**EXERCISE BRIEF**. Lines from the one containing "Building Photo - 5078 SW 183rd Ave" through the end of the material are to be retyped exactly; do not copy pictures.

**SUPPLIED DATA**.
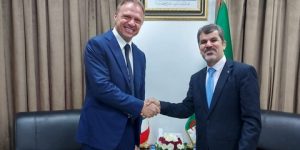 تعزيز التعاون في الصيد البحري وتربية المائيات بين الجزائر وإيطاليا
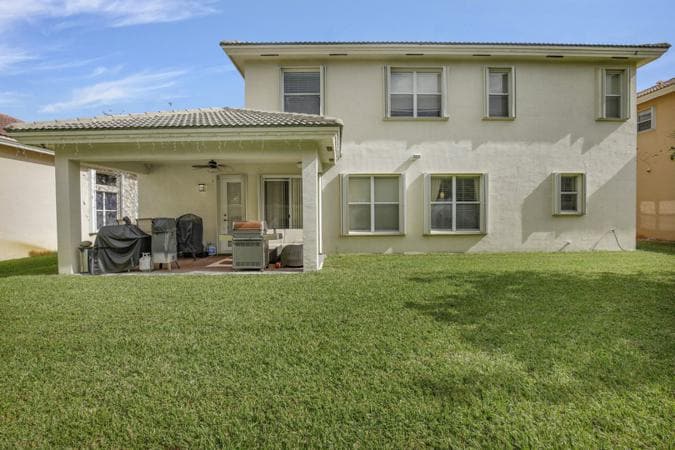 Building Photo - 5078 SW 183rd Ave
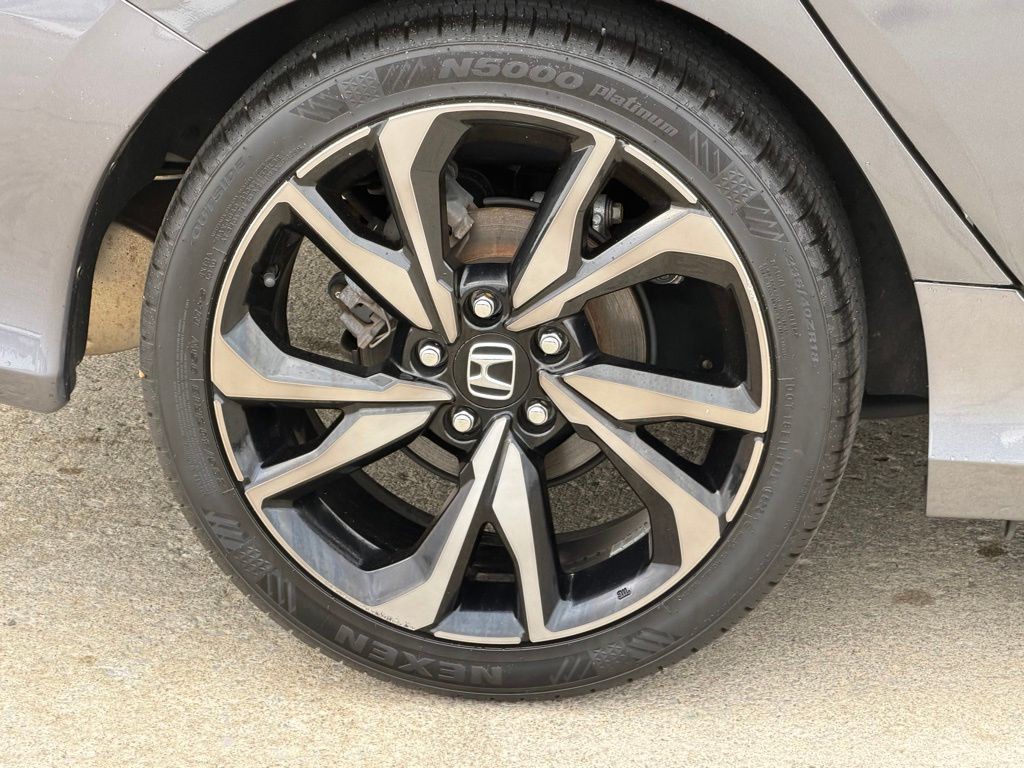 2019 Honda Civic Image 64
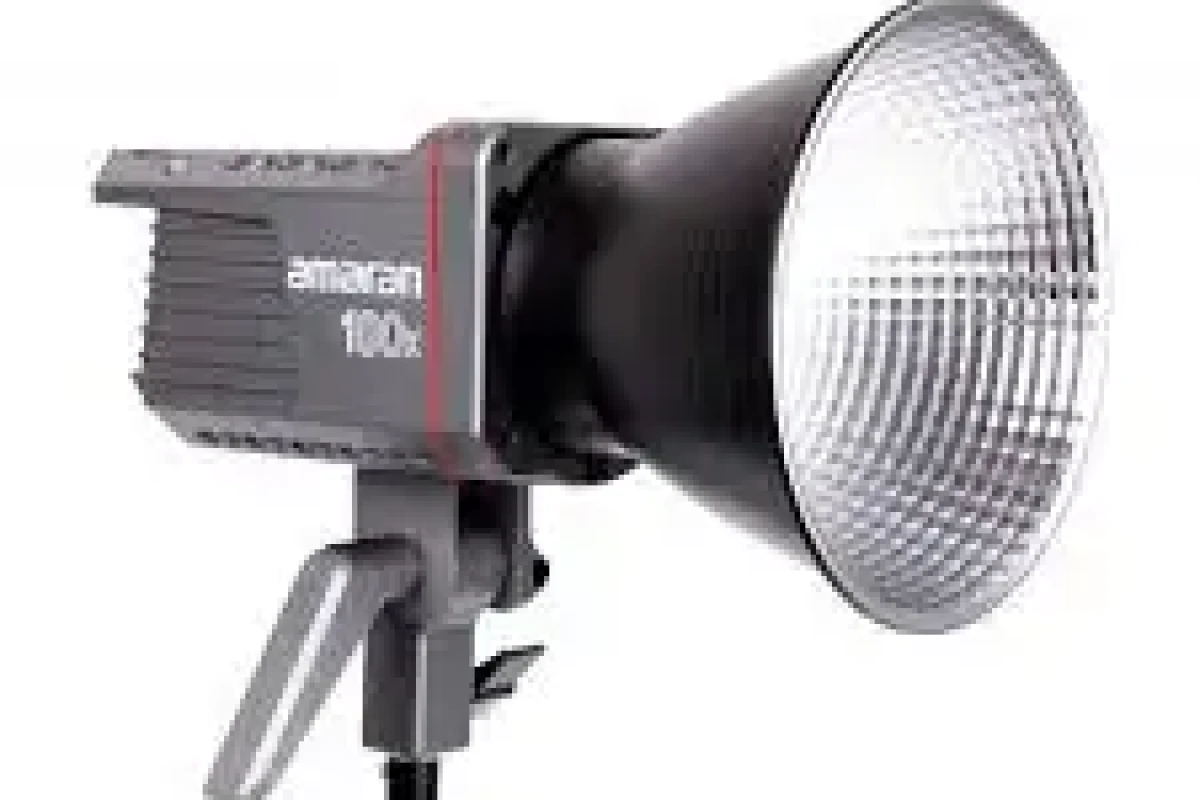 Location Aputure Amaran 100x - Lightyshare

**YOUR SOLUTION**.
 Building Photo - 5078 SW 183rd Ave
 2019 Honda Civic Image 64
 Location Aputure Amaran 100x - Lightyshare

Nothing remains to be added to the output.